╭──

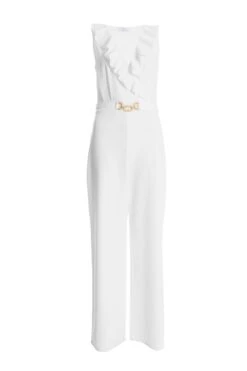 White Frill Wrap Palazzo Jumpsuit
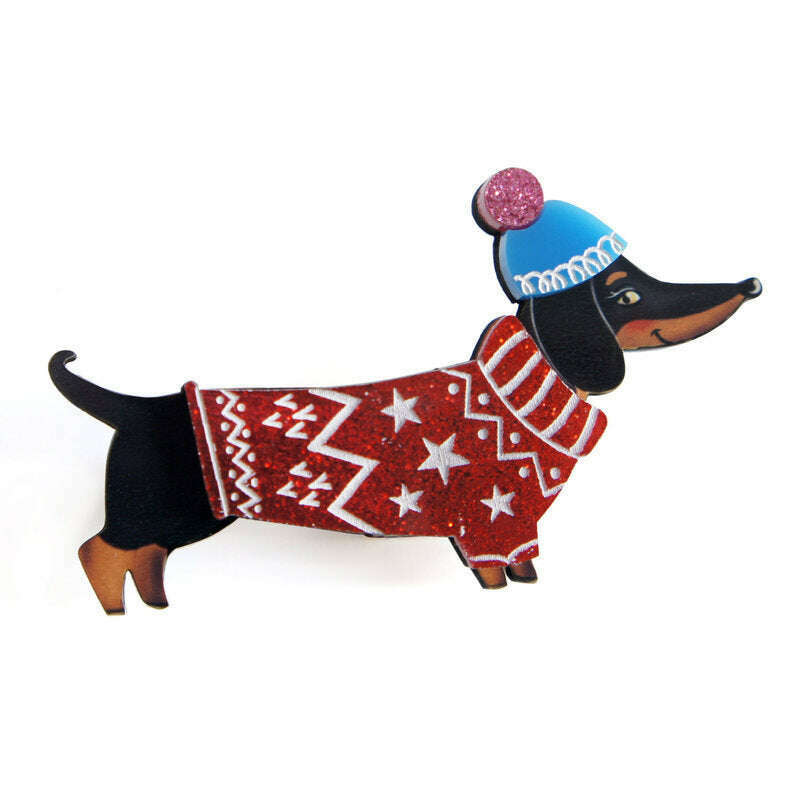Dachshund Dog in Sweater Brooch by Laliblue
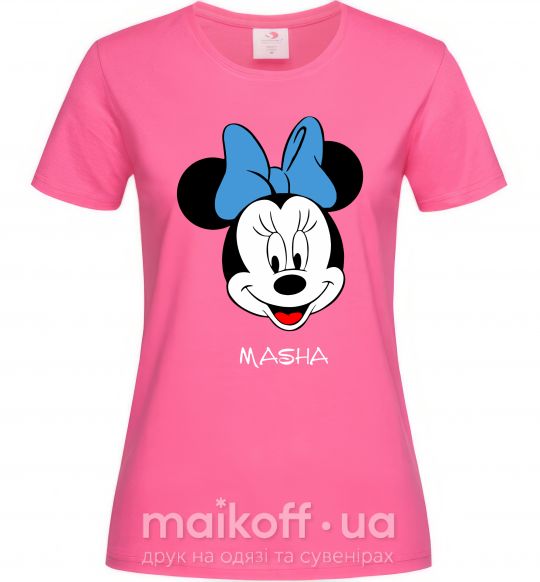 Жіноча футболка Masha minnie mouse Яскраво-рожевий фото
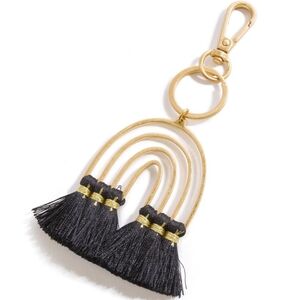 Boho keychain - gold with black fringe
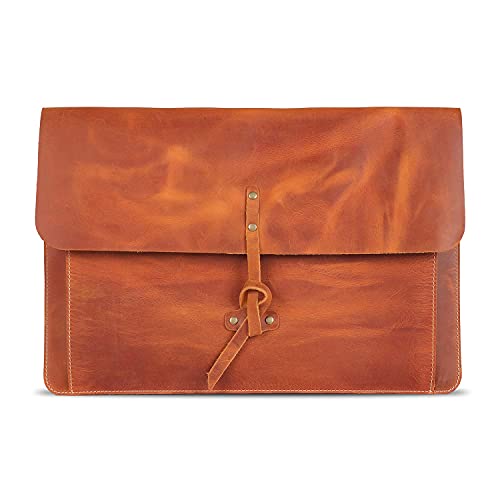 Londo Real Grain Leather MacBook Pro Case with Front Pocket & Flap Closure (Kamel, 15-16 Zoll), OTTO505 von Londo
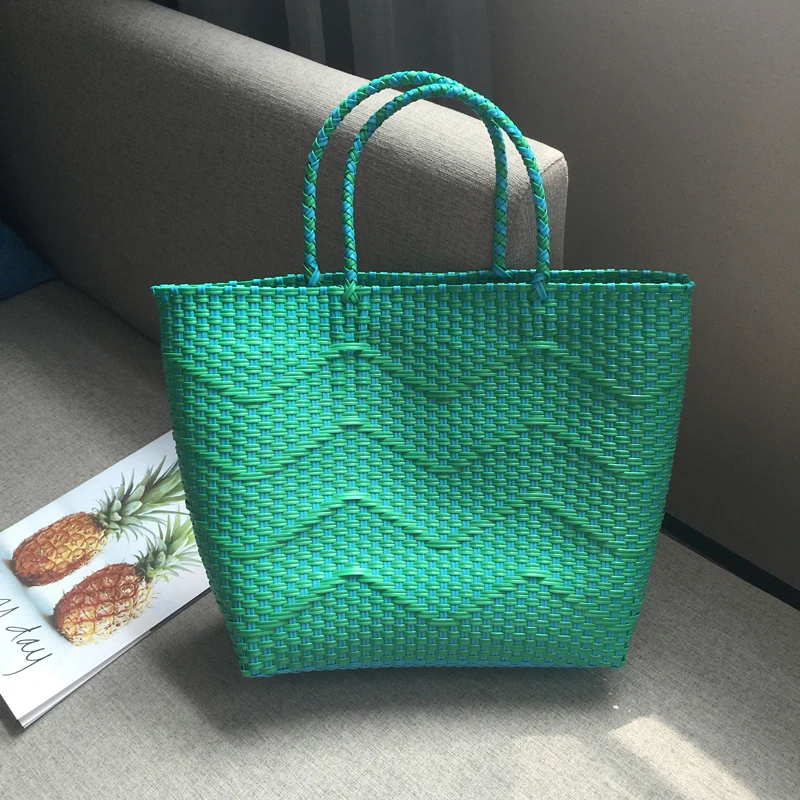 

Handwoven Eco-Friendly Beach Basket Single oulder Bag Large Capaci Trendy Women's Holiday Ins Clear Handbag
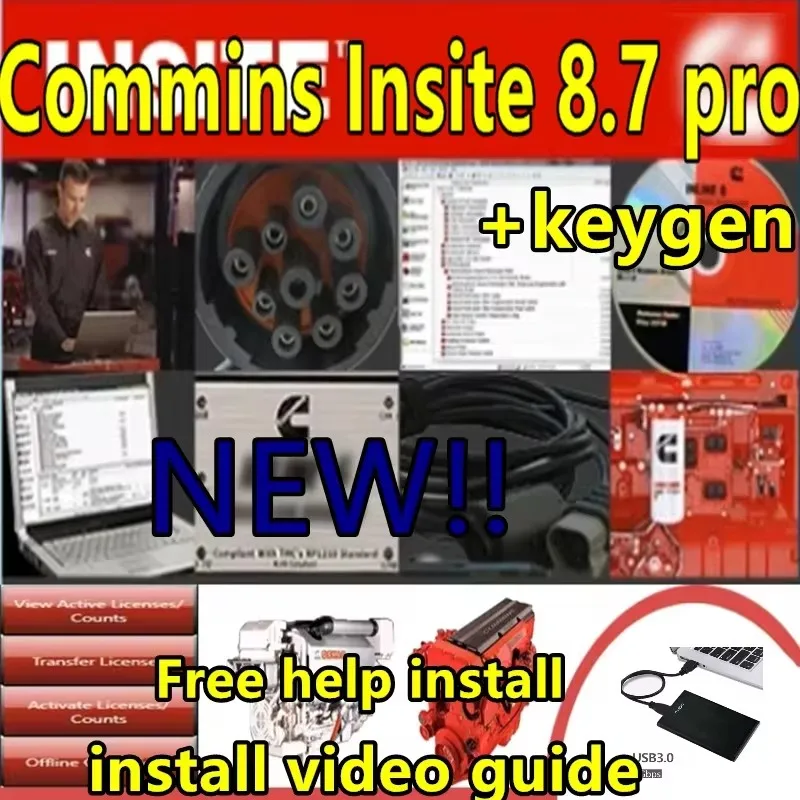 برنامج تشخيص محرك Keygen مجاني من Cummins Insite 8.7 Pro لاختبار رمز الخطأ والتعديل يدعم متعدد اللغات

╰──

WORK REQUIRED –
Once the line holding "Жіноча футболка Masha" is found, set it down along with every line after it through the end of the entries, exactly, leaving the pictures out.

SOLUTION TO THE PROBLEM –
 Жіноча футболка Masha minnie mouse Яскраво-рожевий фото
 Boho keychain - gold with black fringe
 Londo Real Grain Leather MacBook Pro Case with Front Pocket & Flap Closure (Kamel, 15-16 Zoll), OTTO505 von Londo

Handwoven Eco-Friendly Beach Basket Single oulder Bag Large Capaci Trendy Women's Holiday Ins Clear Handbag
 برنامج تشخيص محرك Keygen مجاني من Cummins Insite 8.7 Pro لاختبار رمز الخطأ والتعديل يدعم متعدد اللغات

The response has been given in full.